Tibet reopened to foreign tourists on Wednesday, three months after the Chinese government banned such visits in the wake of violent anti-government riots and protests that tainted the image of the country ahead of the Olympics.
The first foreign tourists, a retired Swedish couple, arrived at the airport near the capital, Lhasa, on Wednesday, said Tibetan Tourism Bureau spokesman Liao Lisheng.
"Tibet is open now to all travelers from home and abroad," he said.
Kurt Persson, 77, and Eva Sandstrom, 62, were welcomed with traditional Tibetan white silk scarves at their hotel near the sacred Jokhang Temple, the official Xinhua News Agency said.
"We've been looking forward to visiting Tibet for many years. Its monasteries and landscapes are fascinating," Xinhua quoted Sandstrom as saying.
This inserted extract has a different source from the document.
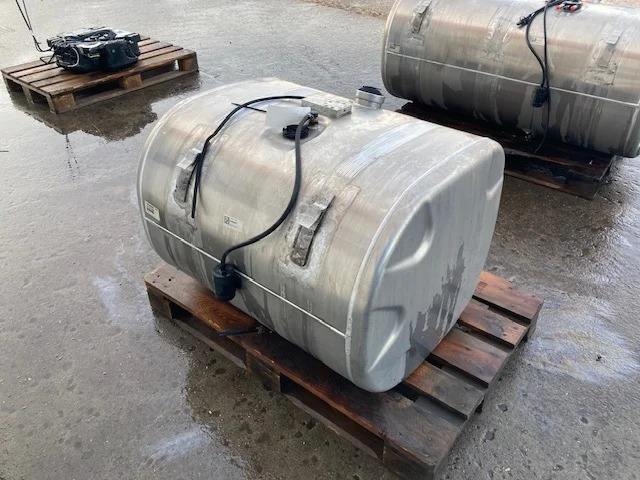 Scania Diesel tank – Scania 2713470 - Depósito de combustible para Camión: foto 3 Scania Diesel tank – Scania 2713470 - Depósito de combustible para Camión: foto 3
Their five-day trip is their first to Tibet, Xinhua said. "We have no worries about the safety here," she said. "The only worry was to get the permission to come to Tibet."
The Himalayan region has been all but closed to the outside world since the biggest protests against Chinese rule in two decades exploded into rioting March 14 in Lhasa, leading Beijing to swiftly shut off the area.
Troops also flooded into predominantly Tibetan communities in nearby provinces, where sympathy demonstrations were occurring. They performed drills in town squares and set up checkpoints around sensitive areas. Officials said the restrictions were established for the safety of foreign tourists and journalists.
A notice on the tourism bureau's Web site announcing the lifting of the ban said life in Lhasa had returned to normal.
"Tibet's society is stable and harmonious, its markets bustling, and its environment beautiful," it said.
But there are still signs of tension.
Buddhist monasteries seen as incubators for anti-government sentiment have been surrounded by security forces and closed off as searches were conducted and monks forced to undergo intensified political indoctrination against the Dalai Lama, Tibet's exiled spiritual leader. Drepung, one of Lhasa's main monasteries, remains shut.
Hundreds of alleged perpetrators have also been arrested in the last three months, with many sentenced to years or life in prison in short trials for their role in the protests.
Last week's Olympic torch run through Lhasa was carefully orchestrated after it was cut to one day from the original three. Crowds were monitored by security agents and only a few hand-picked foreign journalists, who even under ordinary conditions must apply for special permission to visit Tibet, were invited to cover the event.
The three-hour relay was apparently completed without incident.
It had been considered a flashpoint amid criticism by overseas Tibetan activist groups who accuse Beijing of using the event to symbolize its control over the region. China says it has ruled Tibet for centuries, although many Tibetans say their homeland was essentially independent for much of that time.
Chen Ziyong, general manager of the Lhasa-based Shigatse International Travel Agency, said the Swedes will be followed by four Singaporeans on Sunday.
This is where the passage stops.